▶ **Exercise goal**
Could you give the listing again exactly, without its pictures?

▶ **Stored data**
************

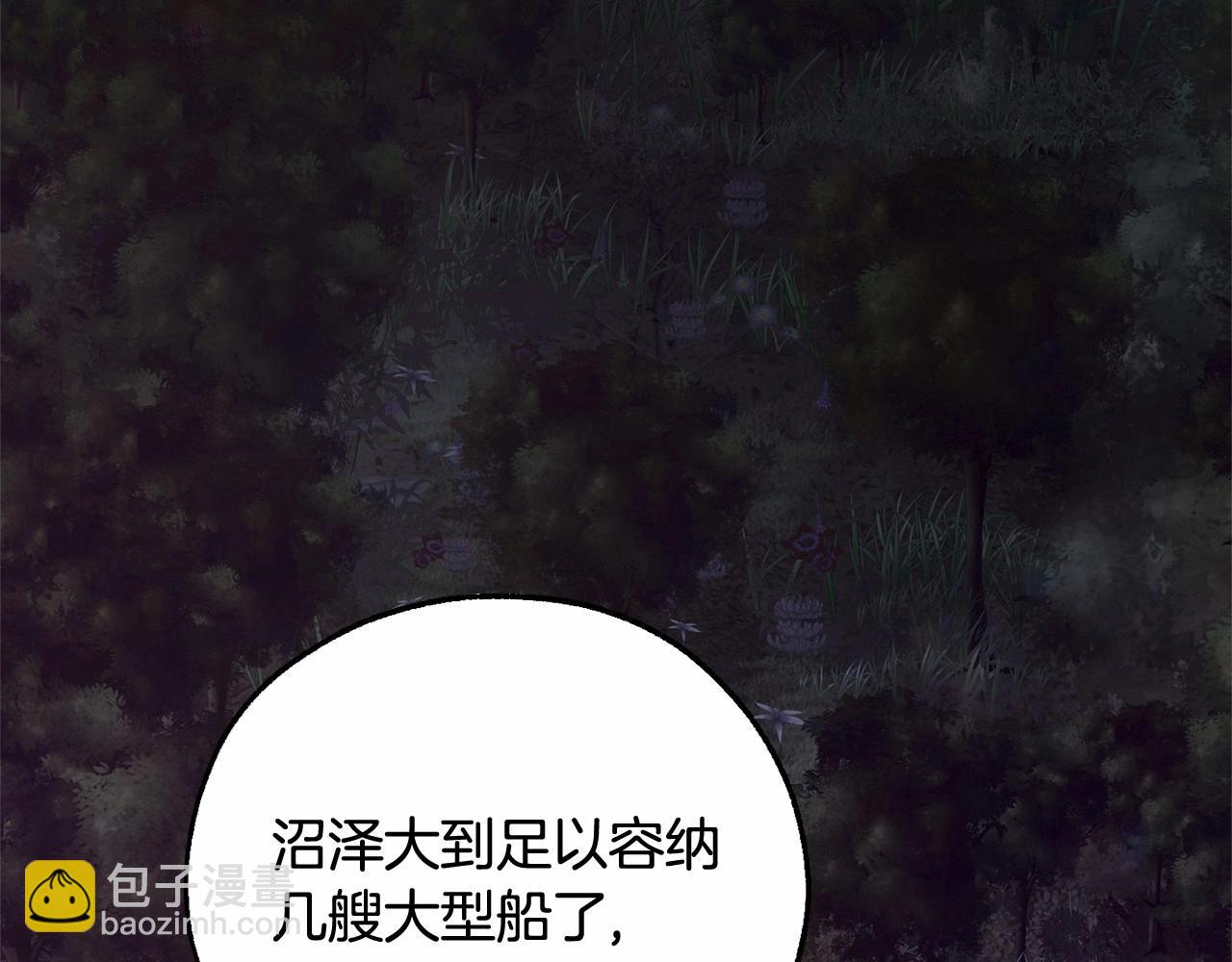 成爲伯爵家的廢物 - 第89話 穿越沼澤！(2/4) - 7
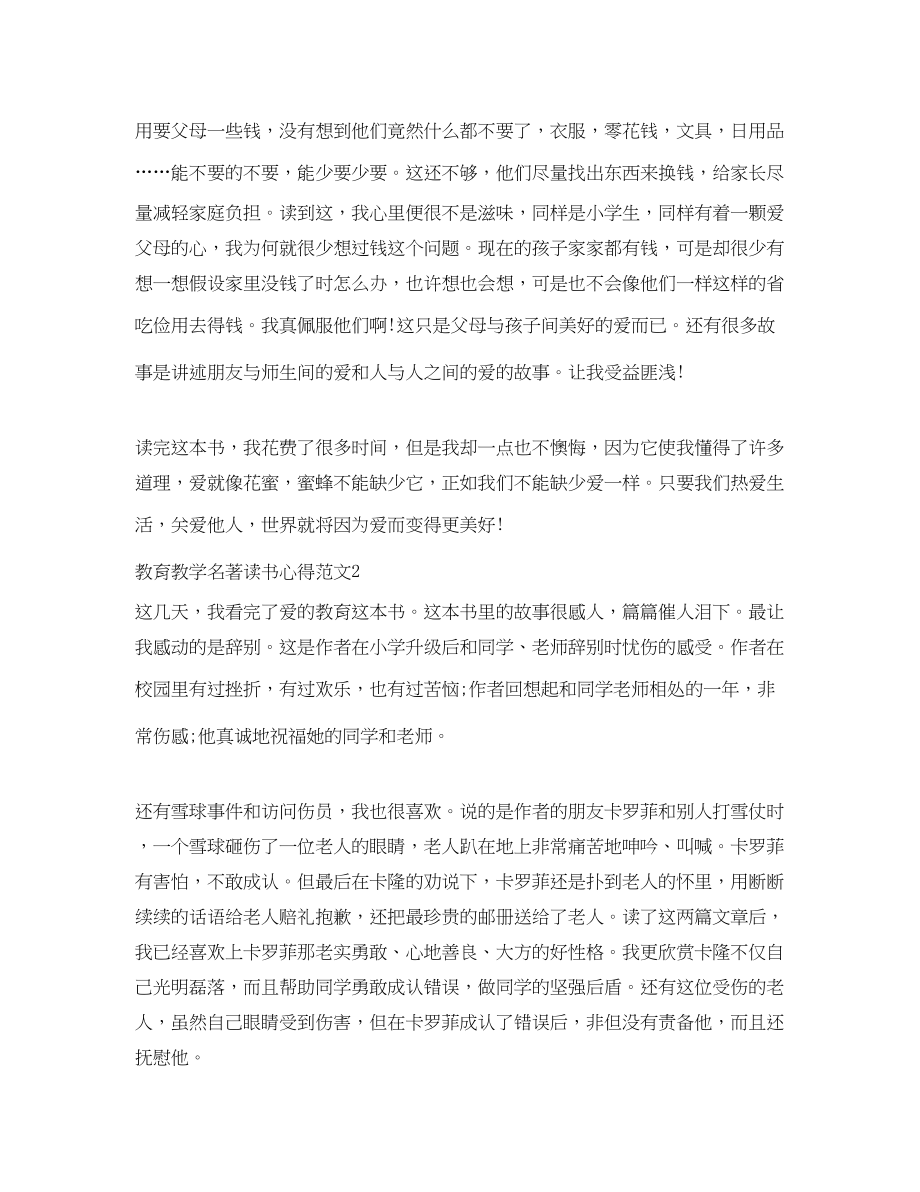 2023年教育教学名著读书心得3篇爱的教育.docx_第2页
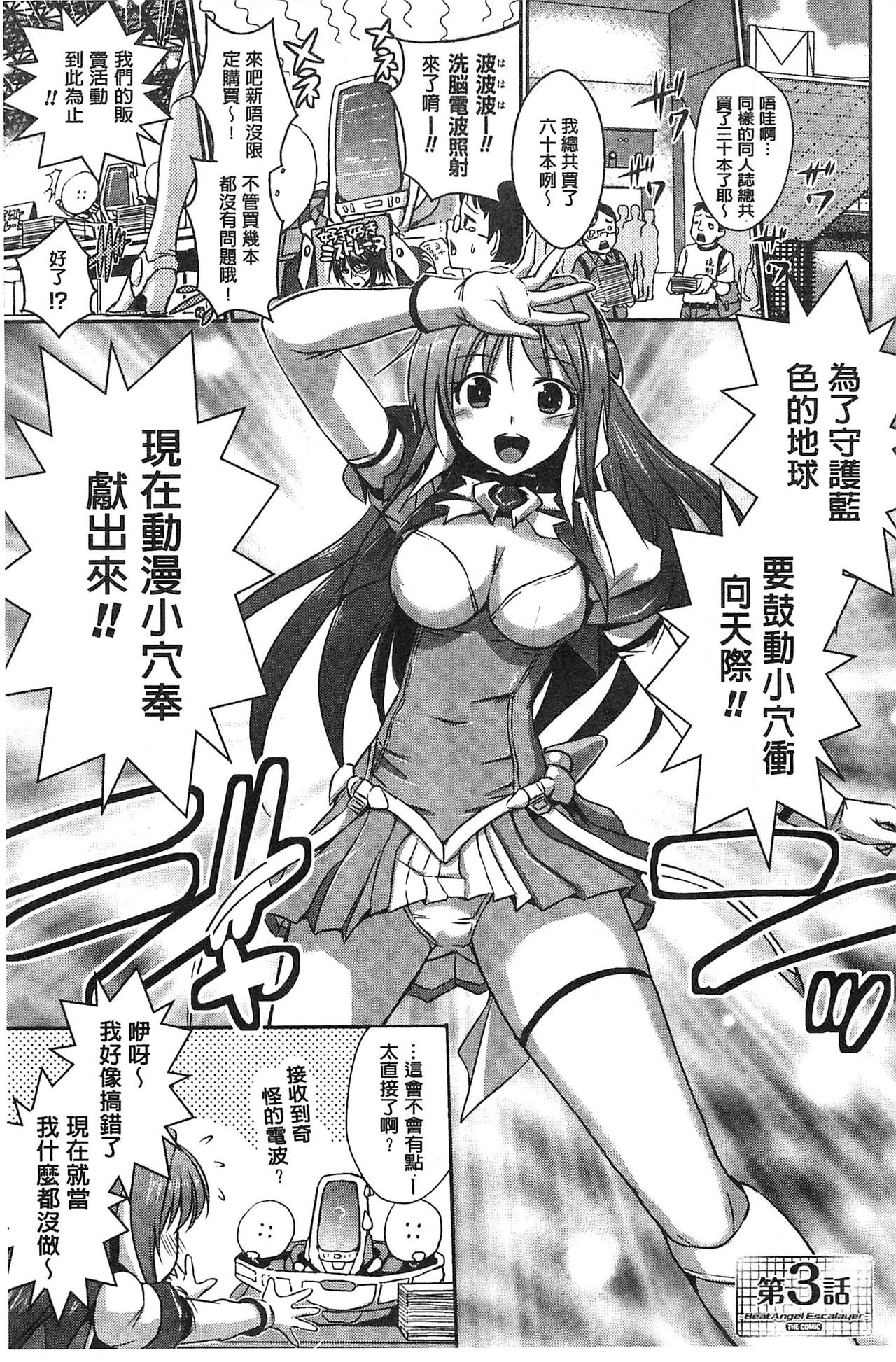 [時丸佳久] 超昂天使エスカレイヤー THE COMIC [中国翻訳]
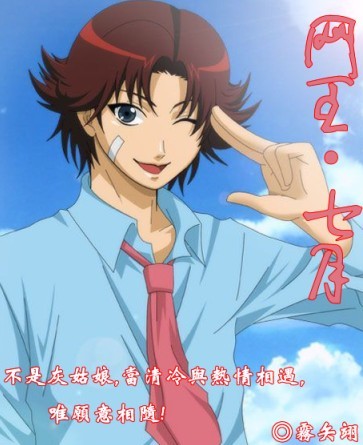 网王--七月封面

************

▶ **Response to this exercise**
 成爲伯爵家的廢物 - 第89話 穿越沼澤！(2/4) - 7
 2023年教育教学名著读书心得3篇爱的教育.docx_第2页
 [時丸佳久] 超昂天使エスカレイヤー THE COMIC [中国翻訳]
 网王--七月封面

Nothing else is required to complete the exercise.